Do you know what's better than not having a woman who doesn't want to be your boyfriend or sleep with you?

Me either.

I've had one of those for months now, and the stress I felt while we were together would have broken me a long time ago if I realized I was stressed.

Do you know what sucks? It's having a woman who wants to sleep with you, but only does so on her terms. Why does that suck? Because it's selfish. I've also had one of those for months now.

Do you know what I want?

It's simple.

To feel like I am wanted. That I matter. And yet, here again, I sit with my pen and paper and jot stupid notes like this into my diary that I will never read again. I hope.

I've been down a lot lately. More than up, unfortunately. 

It's Tuesday, December 10th and it's 1991 and I'm living (sort of) in a small city called Ohtawara in the prefecture of Tochigi in Japan.

I've been pretending that nothing bothers me, but in truth, everything bothers me. Every single damn thing. About women.

I'm an assistant English teacher here, team-teaching with a Japanese teacher of English at seven junior high schools in the city.  I love the people around me. I do. I love seeing the kids and talking to them. I love being a small part of the lives of these kids - even for a fleeting moment - and wonder if one day they will think of me fondly. I really do think like this.

I just want to matter. 

Do you know what I want? I want to be able to communicate. In all of my so-called 'relationships' (you can tell I'm not pleased, as I used 'quote marks' and said 'so-called'), I have not had any problem in communicating my feelings or what I want from a friend or a girlfriend. And, to some degree, neither have they - initially. 

It's when things progress, or the rules change, so too do people. Some people handle change and roll with whatever life throws at them. Others need to formulate a plan of action or a plan of inaction while never really knowing just what the hell they actually want from life.

How can you make plans to do something if you have no idea what it is you want to do? You can't.

Sometimes, it's just best to let the chips fall where they may. That sucks, though.  I wish I had more control - any control... but I don't.


But I still know what I want. I'm still searching for it. You can tell I'm a communicative type of person.
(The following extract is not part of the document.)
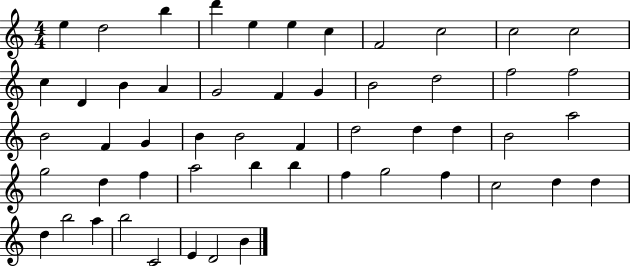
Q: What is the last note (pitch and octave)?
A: B4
Do you know what I want? I want someone who can communicate with me. It didn't have to be all physical as it was with my secret girlfriend, Junko. It didn't have to be so intellectual as it was with my ex-friends-with-benefits Ashley.

I want a combination of both with the added benefit of emotional support. Someone to tell me I'm doing all right or there-there, things will look brighter tomorrow. I know they will... but sometimes it's just nice to hear someone else tell you stuff you already know.

Do you know why relationships fail? It's not because one person loves another more than the other - as Ashley tried to explain to me a few days ago - it's because people are unable to communicate effectively. That's just my own opinion, and right or wrong, at least I have one. 

How do you communicate with someone suffering with mental illness or a social anxiety disorder if they always have their guard up? I'm not saying you shouldn't try - by all means try. But it takes two to tango. Two to dance that beautiful dance of love. If one isn't pulling their weight, the tango suffers. And that would be such a shame for such a beautiful dance that everyone wishes they could do and do well, but so few are able to achieve.

I don't know how to dance, but I can dance well enough.

So... why am I so sad?

Because I'm going to do something stupid...

Somewhere I wander in communicado,
Andrew Joseph
Relax... I'm not a suicidal kind of guy. Never enters the equation. But, a lack of suicidal tendencies still does not mean I am level-headed. Never claimed to be anybody except myself. I think, however, that sometimes it sucks to be me. I should write that down.